BEGIN Source data

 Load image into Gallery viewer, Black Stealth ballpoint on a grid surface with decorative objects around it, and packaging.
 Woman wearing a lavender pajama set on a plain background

END Source data
BEGIN Source data

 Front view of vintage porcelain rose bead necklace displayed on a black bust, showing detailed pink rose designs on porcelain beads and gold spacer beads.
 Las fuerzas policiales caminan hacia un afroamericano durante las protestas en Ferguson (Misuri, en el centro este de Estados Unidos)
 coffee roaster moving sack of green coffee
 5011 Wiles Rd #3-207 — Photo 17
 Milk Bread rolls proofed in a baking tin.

END Source data

Directions:
Output the lines of the records above exactly as they appear, from the line containing "coffee roaster moving sack of green coffee" through the line containing "Milk Bread rolls proofed in a baking tin.".

Response box:
 coffee roaster moving sack of green coffee
 5011 Wiles Rd #3-207 — Photo 17
 Milk Bread rolls proofed in a baking tin.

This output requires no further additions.